Maria Eagle MP, Labour’s Shadow Environment Secretary, will today (19 November) use a Westminster Hall debate to warn that there are serious concerns about how prepared the country is for another winter of flooding.
The chance of a catastrophic flood happening in England within the next two decades, causing in excess of £10 billion in damage, is around 10 per cent. But the Tory-led Government has failed to take the right decisions on managing flood risk. As a result the Committee on Climate Change warns that Government plans will put an extra 330,000 properties at risk of flooding by 2035.
Waveney has 553 properties at medium to very high risk of flooding yet a number of recent reports cast serious doubt over the Government’s role in managing flood risk.

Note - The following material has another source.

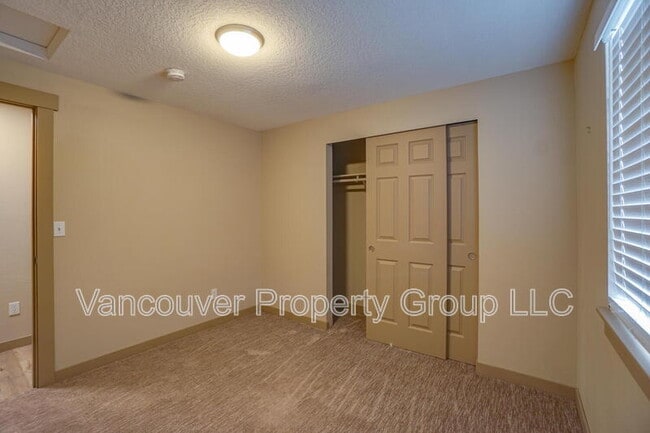 Building Photo - 1906 NE 151st Cir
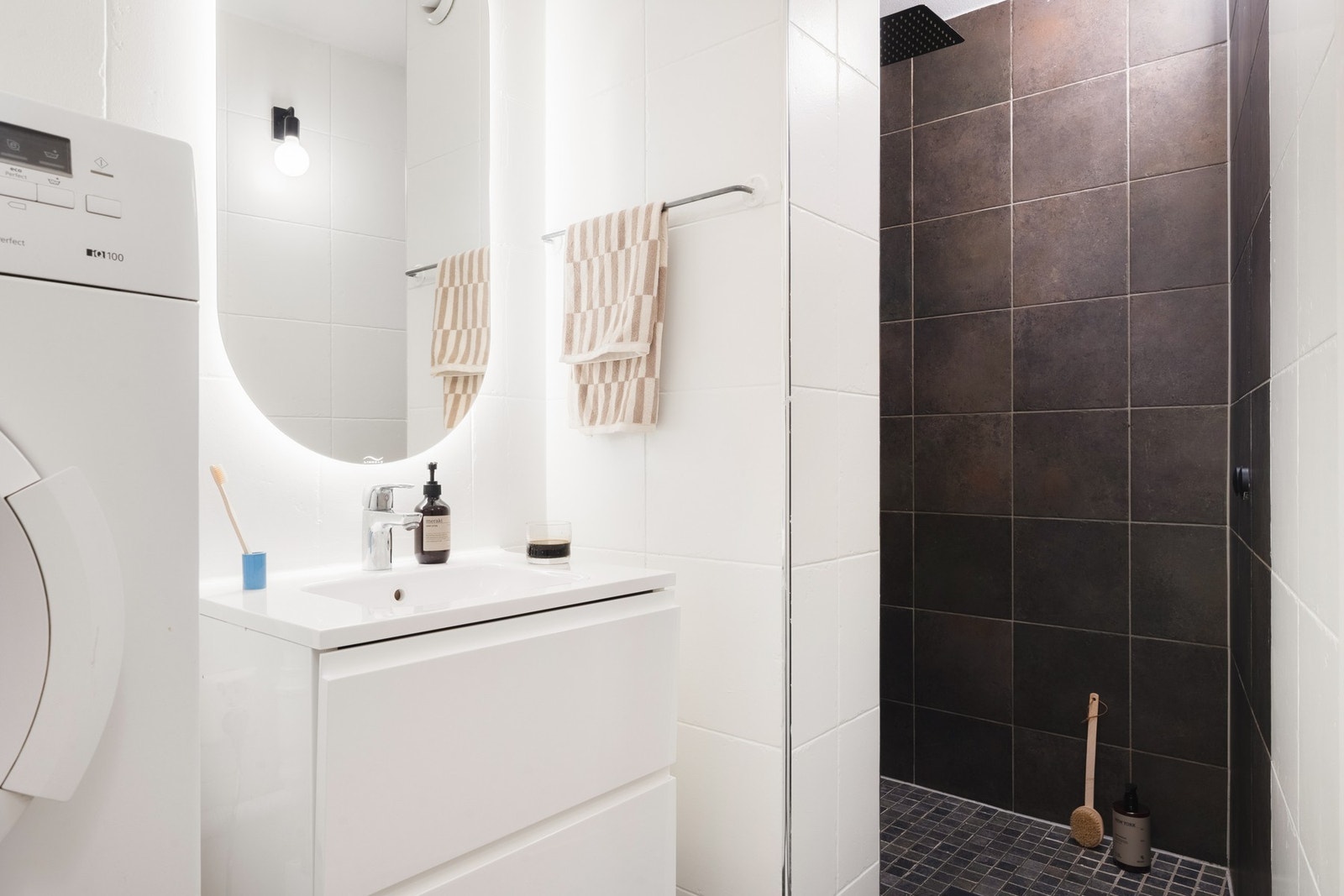Badet har en funksjonell utforming med de fasilitetene man trenger i hverdagen. Badet er helfliset og innredet med dusjnisje, vegghengt toalett og opplegg for vaskemaskin. Galleribilde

A National Audit Office report showed that flood risk is rising as half the nation’s flood defences have been left with “minimal” maintenance.

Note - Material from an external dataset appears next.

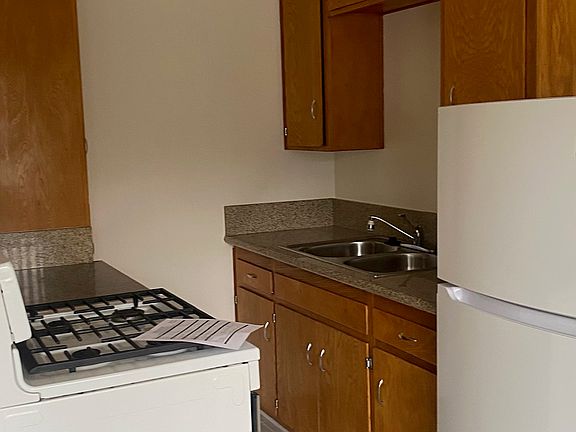 2nd image of 4465 Rosebud Ln #15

A select committee reported last month that only half of the flood defences in need of urgent repair as a result of the winter floods have been completed.
This weekend saw media reports of a secret Government report has shown that thousands of areas along Britain’s rivers are in danger of flooding as a result of poor maintenance.
Maria Eagle said:
“There is no doubt that flood risk management has gone backwards under this Tory-led Government. David Cameron has abandoned the last Labour government’s robust plans for reducing flood risk, slashed the budgets, crossed his fingers and hoped for the best.

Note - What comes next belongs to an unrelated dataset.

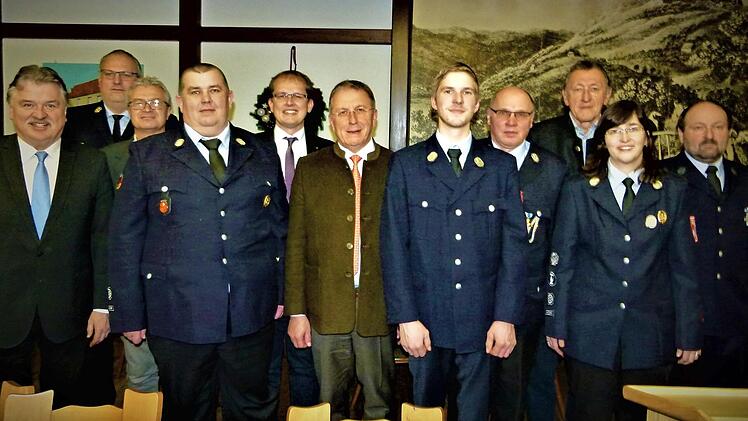 Stabwechsel bei der Feuerwehr Windischenhaig; im Bild (von links) Landrat Klaus Peter Söllner, Kreisbrandrat Stefan Härtlein, Schriftführer Uwe Dittrich, Vorsitzender Marcus Unden, Verwaltungsrat Ralf Hartnack, OB Henry Schramm, Kommandant Clemens Hilpert, Ehrenkommandant Reinhold Kaßel, Ehrenvorsitzender Werner Stübinger, stellvertretende Kommandantin Katja Ott und Zweiter Vorsitzender Volker Hilpert Fotos: Werner Reißaus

“We saw last winter that flooding can shut down parts of the country for weeks at a time. The Government must show leadership to prevent another winter of misery this winter.
“Ignoring the evidence on climate change has led to the Government making the wrong choices. It has taken a short-term approach when a long-term one is needed. We know that David Cameron’s climate failure will put an extra 80,000 properties at risk from flooding in the next Parliament.
“The next Labour Government will reprioritise long-term preventative spending that will reduce flood risk, and establish an independent National Infrastructure Commission to identify the UK’s long-term infrastructure needs, including flood defences.”